Predicted outcomes are: benefits expressed as life-years gained [LYG], CRC-related deaths avoided and CRC cases avoided; harms expressed as additional complications due to colonoscopy (physical harm) and positive test results (psychological harm); and lifetime costs. Related differences (increments) of these outcomes when compared to the next non-dominated strategy. Benefits and harms are displayed in an population fact box [41]. Tradeoffs were expressed as incremental harm-benefit ratios and incremental cost-effectiveness ratios.

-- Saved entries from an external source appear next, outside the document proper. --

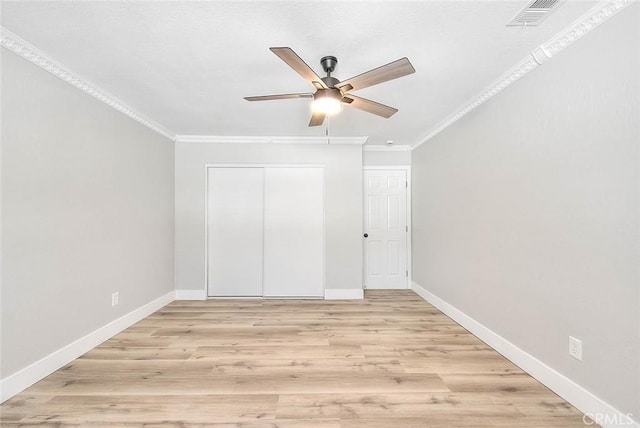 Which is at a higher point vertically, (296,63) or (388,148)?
(388,148)

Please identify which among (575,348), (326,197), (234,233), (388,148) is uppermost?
(388,148)

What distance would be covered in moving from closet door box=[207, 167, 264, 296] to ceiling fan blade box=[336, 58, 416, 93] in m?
2.57

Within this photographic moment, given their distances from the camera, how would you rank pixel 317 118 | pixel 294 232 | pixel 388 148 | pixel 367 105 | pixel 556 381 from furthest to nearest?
pixel 388 148 < pixel 294 232 < pixel 317 118 < pixel 367 105 < pixel 556 381

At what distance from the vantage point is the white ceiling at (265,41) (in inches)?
63.4

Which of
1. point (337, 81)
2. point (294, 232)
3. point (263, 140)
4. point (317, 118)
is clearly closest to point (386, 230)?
point (294, 232)

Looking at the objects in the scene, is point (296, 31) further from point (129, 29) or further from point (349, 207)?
point (349, 207)

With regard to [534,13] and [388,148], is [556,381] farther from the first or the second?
[388,148]

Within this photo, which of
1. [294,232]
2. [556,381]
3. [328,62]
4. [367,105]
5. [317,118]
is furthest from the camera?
[294,232]

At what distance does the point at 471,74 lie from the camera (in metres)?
2.32

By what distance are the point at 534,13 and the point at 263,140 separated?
3240mm

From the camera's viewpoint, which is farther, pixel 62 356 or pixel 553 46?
pixel 62 356

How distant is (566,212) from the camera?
180 cm

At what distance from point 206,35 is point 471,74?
206cm

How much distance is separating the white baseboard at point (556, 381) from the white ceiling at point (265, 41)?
2.23 metres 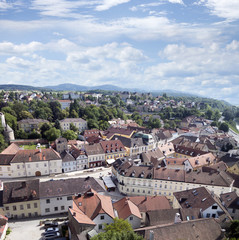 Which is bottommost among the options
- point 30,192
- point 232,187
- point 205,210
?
point 232,187

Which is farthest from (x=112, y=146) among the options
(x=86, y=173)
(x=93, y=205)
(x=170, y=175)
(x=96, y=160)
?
(x=93, y=205)

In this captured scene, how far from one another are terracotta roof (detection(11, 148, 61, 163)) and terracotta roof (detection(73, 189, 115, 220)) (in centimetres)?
2569

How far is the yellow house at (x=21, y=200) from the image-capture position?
118 ft

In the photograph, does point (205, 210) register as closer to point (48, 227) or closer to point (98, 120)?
point (48, 227)

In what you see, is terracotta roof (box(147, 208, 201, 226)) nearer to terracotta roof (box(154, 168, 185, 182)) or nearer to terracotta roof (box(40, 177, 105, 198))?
terracotta roof (box(154, 168, 185, 182))

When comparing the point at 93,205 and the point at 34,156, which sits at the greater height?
the point at 34,156

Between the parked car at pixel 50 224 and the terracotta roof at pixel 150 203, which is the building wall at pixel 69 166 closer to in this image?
the parked car at pixel 50 224

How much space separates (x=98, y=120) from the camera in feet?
378

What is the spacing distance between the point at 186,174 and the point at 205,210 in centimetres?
1275

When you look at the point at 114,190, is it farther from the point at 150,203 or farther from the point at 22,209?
the point at 22,209

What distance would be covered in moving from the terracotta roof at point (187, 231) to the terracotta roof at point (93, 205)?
672 cm

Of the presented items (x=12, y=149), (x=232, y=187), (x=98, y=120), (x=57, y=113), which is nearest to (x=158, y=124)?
(x=98, y=120)

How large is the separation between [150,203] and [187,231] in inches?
431

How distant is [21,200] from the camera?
36.4 metres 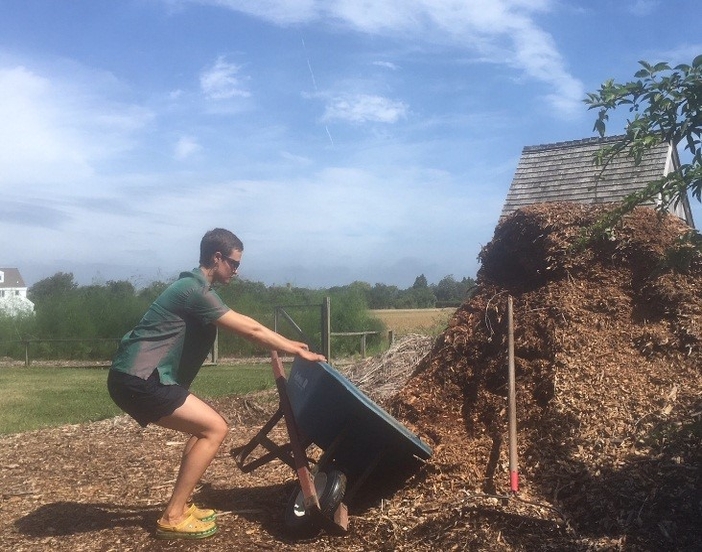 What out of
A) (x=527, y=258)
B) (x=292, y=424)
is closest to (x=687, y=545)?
(x=292, y=424)

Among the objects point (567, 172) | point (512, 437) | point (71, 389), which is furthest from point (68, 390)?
point (512, 437)

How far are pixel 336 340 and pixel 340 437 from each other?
65.1ft

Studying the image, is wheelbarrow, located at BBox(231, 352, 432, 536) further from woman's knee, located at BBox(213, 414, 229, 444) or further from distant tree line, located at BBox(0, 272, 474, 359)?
distant tree line, located at BBox(0, 272, 474, 359)

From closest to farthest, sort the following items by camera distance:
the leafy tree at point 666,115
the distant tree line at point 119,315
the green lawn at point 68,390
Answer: the leafy tree at point 666,115 → the green lawn at point 68,390 → the distant tree line at point 119,315

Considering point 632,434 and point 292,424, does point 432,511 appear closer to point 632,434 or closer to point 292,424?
point 292,424

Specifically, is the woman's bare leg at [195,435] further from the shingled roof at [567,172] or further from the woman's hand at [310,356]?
the shingled roof at [567,172]

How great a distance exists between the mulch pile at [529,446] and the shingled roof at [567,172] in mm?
7898

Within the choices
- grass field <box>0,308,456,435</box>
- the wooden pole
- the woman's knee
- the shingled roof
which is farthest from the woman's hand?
the shingled roof

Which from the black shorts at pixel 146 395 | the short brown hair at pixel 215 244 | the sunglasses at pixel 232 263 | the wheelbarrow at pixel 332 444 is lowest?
the wheelbarrow at pixel 332 444

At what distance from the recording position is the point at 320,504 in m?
4.75

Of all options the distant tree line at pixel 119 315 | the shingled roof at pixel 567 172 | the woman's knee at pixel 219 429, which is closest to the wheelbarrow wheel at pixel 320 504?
the woman's knee at pixel 219 429

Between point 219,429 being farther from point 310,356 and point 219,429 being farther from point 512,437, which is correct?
point 512,437

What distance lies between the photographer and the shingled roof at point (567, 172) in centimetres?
1440

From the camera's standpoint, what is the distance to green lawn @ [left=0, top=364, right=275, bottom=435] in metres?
11.5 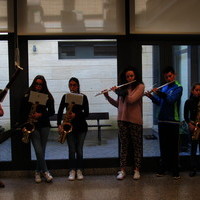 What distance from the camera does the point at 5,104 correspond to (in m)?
5.02

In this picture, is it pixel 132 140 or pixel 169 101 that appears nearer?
pixel 169 101

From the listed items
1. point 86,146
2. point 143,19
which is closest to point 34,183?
point 86,146

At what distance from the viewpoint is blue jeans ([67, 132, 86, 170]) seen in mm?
4805

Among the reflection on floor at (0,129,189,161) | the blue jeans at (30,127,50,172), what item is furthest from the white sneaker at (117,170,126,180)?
the blue jeans at (30,127,50,172)

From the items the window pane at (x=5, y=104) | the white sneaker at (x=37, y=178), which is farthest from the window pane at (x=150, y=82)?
the window pane at (x=5, y=104)

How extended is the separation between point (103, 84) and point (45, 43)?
979mm

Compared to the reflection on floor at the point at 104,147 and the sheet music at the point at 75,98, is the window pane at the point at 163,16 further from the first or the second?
the reflection on floor at the point at 104,147

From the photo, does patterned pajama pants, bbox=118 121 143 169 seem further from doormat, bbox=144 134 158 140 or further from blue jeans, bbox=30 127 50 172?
blue jeans, bbox=30 127 50 172

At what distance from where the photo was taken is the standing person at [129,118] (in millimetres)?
4762

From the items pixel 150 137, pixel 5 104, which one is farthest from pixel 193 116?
pixel 5 104

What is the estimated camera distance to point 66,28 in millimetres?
4938

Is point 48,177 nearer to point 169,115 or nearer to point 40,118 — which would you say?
point 40,118

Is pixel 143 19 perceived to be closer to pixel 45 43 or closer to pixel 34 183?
pixel 45 43

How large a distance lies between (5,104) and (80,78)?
1.09 meters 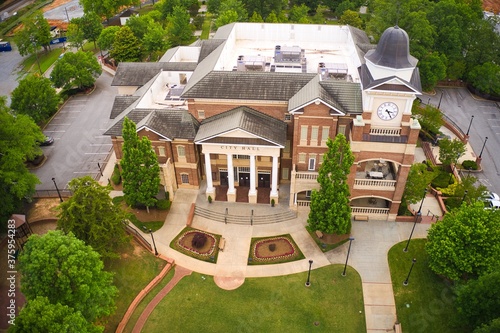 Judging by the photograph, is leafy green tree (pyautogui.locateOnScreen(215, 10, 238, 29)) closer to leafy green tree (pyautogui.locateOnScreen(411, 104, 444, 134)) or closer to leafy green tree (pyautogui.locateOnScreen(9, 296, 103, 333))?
leafy green tree (pyautogui.locateOnScreen(411, 104, 444, 134))

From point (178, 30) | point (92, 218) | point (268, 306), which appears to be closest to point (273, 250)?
point (268, 306)

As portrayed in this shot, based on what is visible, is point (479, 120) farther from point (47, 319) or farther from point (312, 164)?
point (47, 319)

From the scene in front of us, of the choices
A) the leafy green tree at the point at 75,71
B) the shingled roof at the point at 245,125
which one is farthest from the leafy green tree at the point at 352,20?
the shingled roof at the point at 245,125

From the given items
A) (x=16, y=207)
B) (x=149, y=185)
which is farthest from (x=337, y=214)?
(x=16, y=207)

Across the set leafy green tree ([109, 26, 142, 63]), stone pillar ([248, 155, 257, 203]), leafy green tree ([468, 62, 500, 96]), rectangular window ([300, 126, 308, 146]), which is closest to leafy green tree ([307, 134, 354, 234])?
rectangular window ([300, 126, 308, 146])

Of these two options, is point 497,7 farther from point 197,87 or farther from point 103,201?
point 103,201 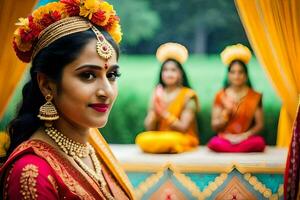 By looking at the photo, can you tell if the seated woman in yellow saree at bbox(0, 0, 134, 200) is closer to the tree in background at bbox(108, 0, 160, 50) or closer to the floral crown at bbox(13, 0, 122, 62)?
the floral crown at bbox(13, 0, 122, 62)

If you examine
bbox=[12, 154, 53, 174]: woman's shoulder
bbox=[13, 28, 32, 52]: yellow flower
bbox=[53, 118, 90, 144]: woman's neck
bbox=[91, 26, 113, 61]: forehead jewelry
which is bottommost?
bbox=[12, 154, 53, 174]: woman's shoulder

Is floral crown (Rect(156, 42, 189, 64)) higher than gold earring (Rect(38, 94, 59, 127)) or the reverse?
higher

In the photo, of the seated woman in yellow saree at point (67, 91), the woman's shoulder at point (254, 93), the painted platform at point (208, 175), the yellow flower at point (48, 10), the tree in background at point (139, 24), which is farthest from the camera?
the tree in background at point (139, 24)

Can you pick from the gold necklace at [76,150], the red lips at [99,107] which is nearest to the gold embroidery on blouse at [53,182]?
the gold necklace at [76,150]

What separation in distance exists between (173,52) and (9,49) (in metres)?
1.12

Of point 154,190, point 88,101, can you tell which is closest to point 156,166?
point 154,190

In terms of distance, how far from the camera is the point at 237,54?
11.2 ft

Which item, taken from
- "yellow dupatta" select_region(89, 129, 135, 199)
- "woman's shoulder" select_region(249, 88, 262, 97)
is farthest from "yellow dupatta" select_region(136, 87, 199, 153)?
"yellow dupatta" select_region(89, 129, 135, 199)

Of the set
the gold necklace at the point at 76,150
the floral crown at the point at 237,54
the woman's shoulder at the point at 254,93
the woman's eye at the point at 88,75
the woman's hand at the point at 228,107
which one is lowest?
the gold necklace at the point at 76,150

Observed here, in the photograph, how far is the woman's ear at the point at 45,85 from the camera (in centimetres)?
173

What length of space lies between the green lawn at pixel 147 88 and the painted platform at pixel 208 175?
0.37m

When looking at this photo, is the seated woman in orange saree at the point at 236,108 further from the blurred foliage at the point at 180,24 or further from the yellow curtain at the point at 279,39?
the yellow curtain at the point at 279,39

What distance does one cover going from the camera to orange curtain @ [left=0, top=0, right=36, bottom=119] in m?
2.86

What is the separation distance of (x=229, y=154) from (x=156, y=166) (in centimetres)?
48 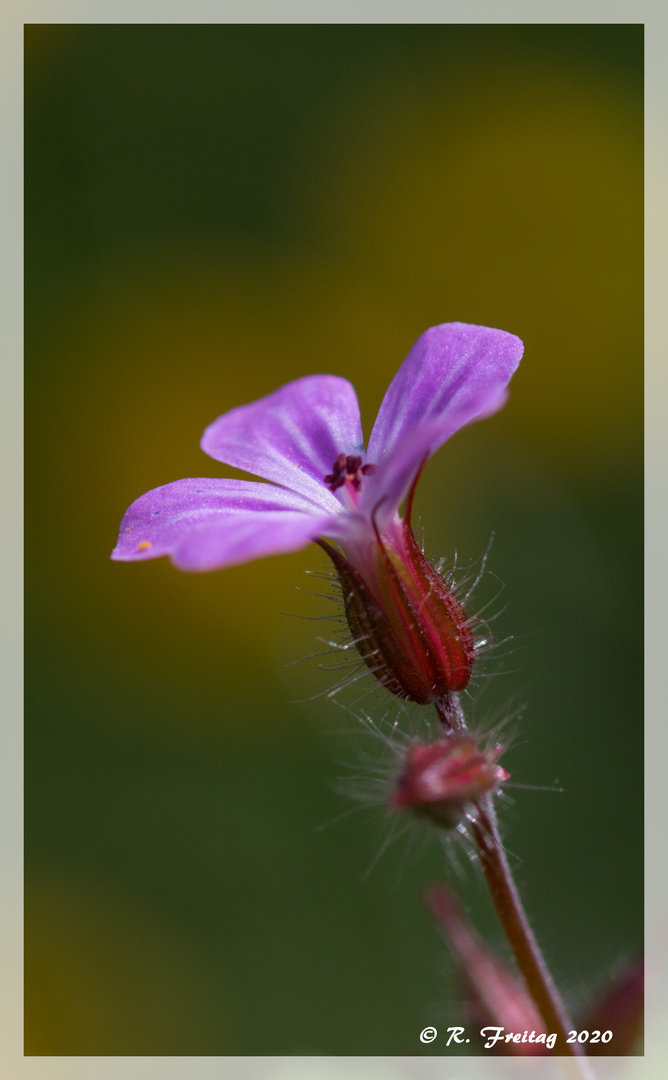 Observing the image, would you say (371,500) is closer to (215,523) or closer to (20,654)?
(215,523)

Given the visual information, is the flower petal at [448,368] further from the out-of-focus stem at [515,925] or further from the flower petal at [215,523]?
the out-of-focus stem at [515,925]

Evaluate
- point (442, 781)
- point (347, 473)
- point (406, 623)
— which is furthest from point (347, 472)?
point (442, 781)

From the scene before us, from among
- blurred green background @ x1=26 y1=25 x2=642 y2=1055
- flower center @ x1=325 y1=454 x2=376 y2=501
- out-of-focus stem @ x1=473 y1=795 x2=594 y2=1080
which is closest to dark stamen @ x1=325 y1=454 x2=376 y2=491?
flower center @ x1=325 y1=454 x2=376 y2=501

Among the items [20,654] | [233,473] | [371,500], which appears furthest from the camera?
[233,473]

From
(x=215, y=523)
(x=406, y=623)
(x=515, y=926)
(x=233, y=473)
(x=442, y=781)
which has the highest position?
(x=233, y=473)

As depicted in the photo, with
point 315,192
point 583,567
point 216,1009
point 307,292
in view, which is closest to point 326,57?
point 315,192

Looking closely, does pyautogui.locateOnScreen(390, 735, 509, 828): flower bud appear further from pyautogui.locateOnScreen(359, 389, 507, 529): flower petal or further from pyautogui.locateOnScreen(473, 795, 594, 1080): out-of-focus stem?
pyautogui.locateOnScreen(359, 389, 507, 529): flower petal

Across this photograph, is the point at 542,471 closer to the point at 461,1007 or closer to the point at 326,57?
the point at 326,57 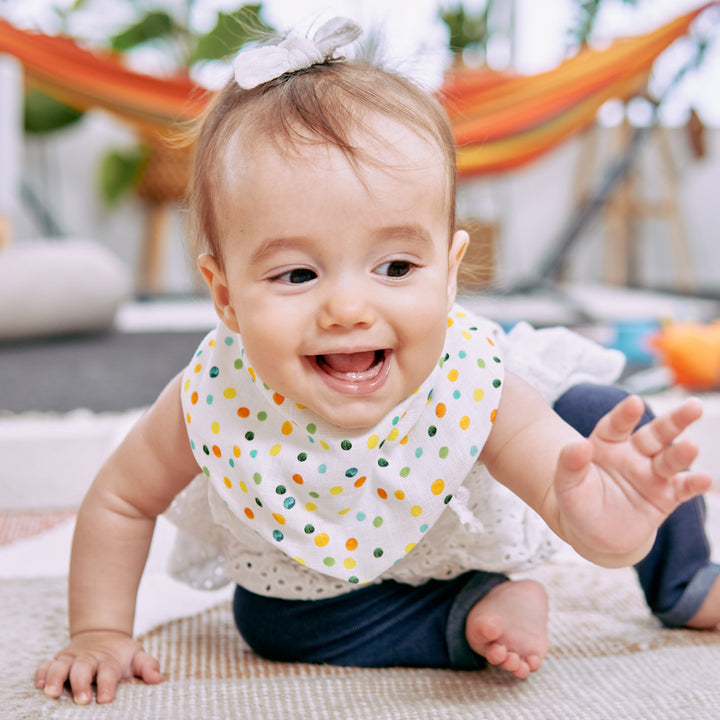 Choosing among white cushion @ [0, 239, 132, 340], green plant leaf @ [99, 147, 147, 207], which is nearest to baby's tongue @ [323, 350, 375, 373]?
white cushion @ [0, 239, 132, 340]

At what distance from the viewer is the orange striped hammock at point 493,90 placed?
1.85 m

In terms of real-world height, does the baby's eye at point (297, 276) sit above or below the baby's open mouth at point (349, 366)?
above

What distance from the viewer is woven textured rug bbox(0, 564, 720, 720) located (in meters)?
0.46

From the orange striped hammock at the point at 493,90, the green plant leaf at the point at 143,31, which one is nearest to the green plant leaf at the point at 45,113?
the green plant leaf at the point at 143,31

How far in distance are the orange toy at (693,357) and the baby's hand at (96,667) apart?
978 mm

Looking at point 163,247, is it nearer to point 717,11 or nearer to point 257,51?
point 717,11

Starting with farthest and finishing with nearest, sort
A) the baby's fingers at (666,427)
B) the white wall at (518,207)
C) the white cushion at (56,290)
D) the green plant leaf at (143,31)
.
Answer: the white wall at (518,207)
the green plant leaf at (143,31)
the white cushion at (56,290)
the baby's fingers at (666,427)

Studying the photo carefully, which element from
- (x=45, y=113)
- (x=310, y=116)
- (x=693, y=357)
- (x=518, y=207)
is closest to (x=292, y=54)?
(x=310, y=116)

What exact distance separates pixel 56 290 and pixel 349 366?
1540 mm

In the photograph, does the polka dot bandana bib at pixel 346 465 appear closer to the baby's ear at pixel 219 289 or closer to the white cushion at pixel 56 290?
the baby's ear at pixel 219 289

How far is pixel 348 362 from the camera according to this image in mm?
465

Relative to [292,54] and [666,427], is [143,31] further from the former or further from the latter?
[666,427]

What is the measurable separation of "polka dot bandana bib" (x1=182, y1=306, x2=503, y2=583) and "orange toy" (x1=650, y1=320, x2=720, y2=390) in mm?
849

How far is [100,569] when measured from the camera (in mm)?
551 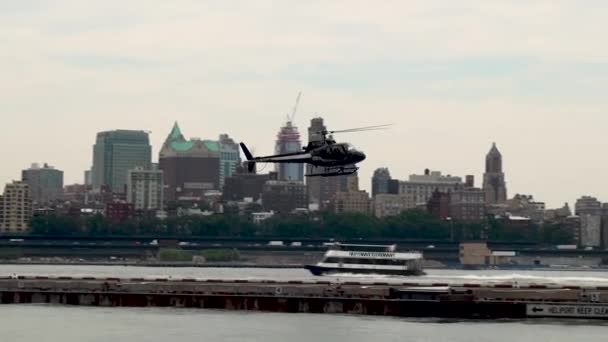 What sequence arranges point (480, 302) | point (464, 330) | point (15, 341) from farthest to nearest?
point (480, 302)
point (464, 330)
point (15, 341)

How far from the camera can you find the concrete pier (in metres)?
119

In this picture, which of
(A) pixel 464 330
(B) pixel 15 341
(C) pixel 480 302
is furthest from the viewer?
(C) pixel 480 302

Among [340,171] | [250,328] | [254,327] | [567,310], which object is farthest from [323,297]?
[567,310]

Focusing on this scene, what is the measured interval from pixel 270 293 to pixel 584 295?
22.4m

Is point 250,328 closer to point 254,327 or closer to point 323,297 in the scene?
point 254,327

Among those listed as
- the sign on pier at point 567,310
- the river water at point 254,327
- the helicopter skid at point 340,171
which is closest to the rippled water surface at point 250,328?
the river water at point 254,327

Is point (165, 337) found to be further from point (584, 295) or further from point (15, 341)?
point (584, 295)

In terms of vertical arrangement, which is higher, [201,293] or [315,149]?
[315,149]

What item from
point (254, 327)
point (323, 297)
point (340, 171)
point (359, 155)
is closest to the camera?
point (254, 327)

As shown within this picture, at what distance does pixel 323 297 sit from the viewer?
4875 inches

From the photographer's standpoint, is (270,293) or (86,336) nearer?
→ (86,336)

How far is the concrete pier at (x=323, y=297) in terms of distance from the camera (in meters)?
119

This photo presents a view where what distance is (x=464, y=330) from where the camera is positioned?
11025cm

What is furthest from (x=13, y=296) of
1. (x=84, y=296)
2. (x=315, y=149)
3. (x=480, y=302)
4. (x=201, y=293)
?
(x=480, y=302) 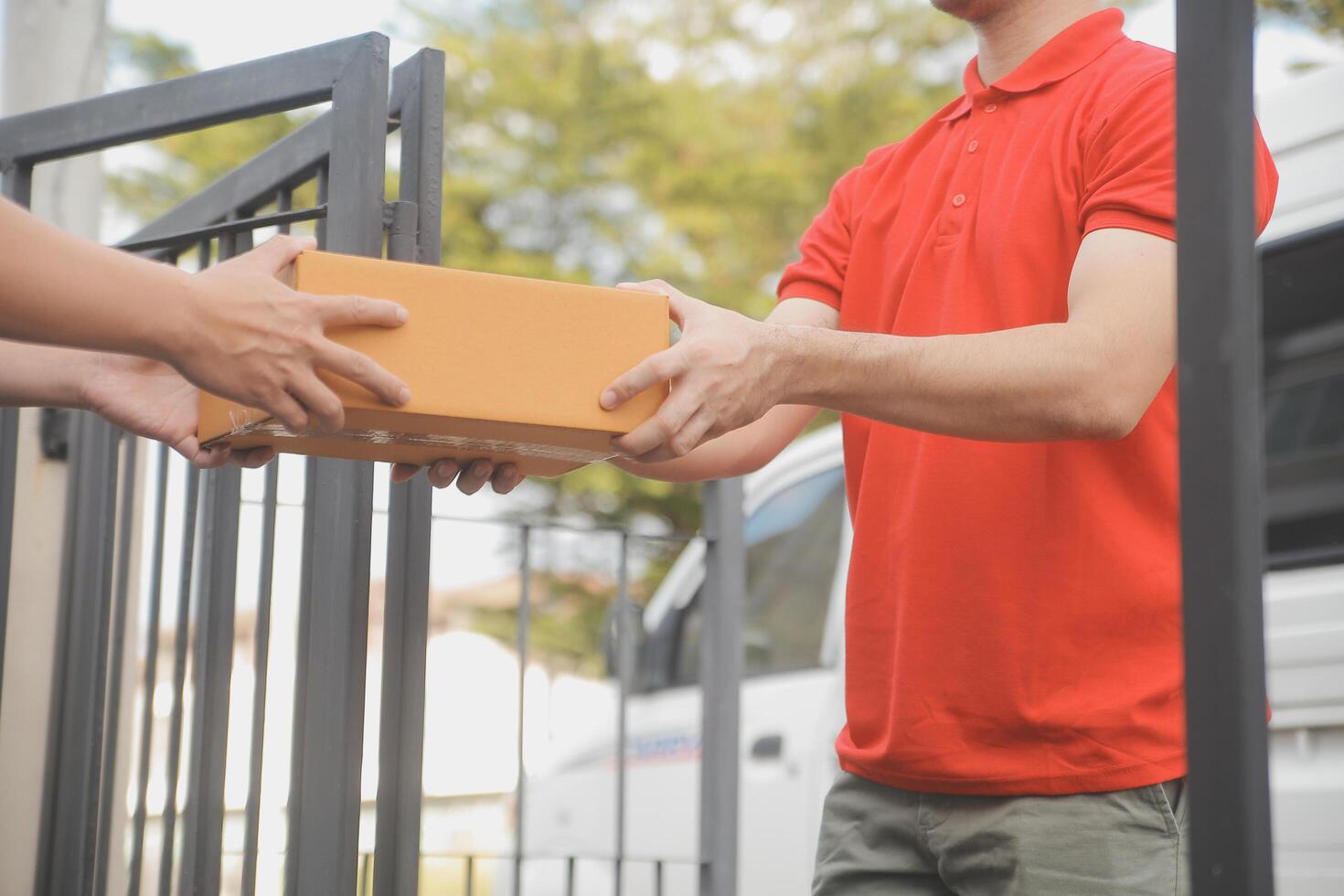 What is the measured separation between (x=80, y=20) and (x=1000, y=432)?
2.24m

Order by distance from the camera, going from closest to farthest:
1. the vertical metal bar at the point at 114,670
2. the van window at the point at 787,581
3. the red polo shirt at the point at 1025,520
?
1. the red polo shirt at the point at 1025,520
2. the vertical metal bar at the point at 114,670
3. the van window at the point at 787,581

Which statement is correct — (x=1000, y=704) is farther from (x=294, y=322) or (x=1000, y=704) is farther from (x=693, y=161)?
(x=693, y=161)

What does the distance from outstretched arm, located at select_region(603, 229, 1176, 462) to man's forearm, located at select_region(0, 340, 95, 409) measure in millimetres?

The clinical tradeoffs between benefits and harms for a screening strategy that provides more benefits but also lead to additional harms in comparison to an alternative strategy are expressed as so called incremental harm-benefit ratio (IHBR). The IHBR is calculated by dividing the difference in harms (incremental harm, e.g. additional positive test results, adverse events) by the difference in the chosen measure of benefit (incremental benefit, e.g., additional life-years gained, cancer cases avoided). The IHBR provides information of additional harms individuals will be exposed to gain one unit of benefits in a screening strategy compared to a less beneficial/effective strategy. The primary IHBR of our analysis was defined as additional psychological harm due to positive test results for one additional life-year gained when using one strategy compared to another. Similarly, the secondary IHBR was defined as the psychological harm due to additional positive test results per CRC-related death avoided or per CRC avoided.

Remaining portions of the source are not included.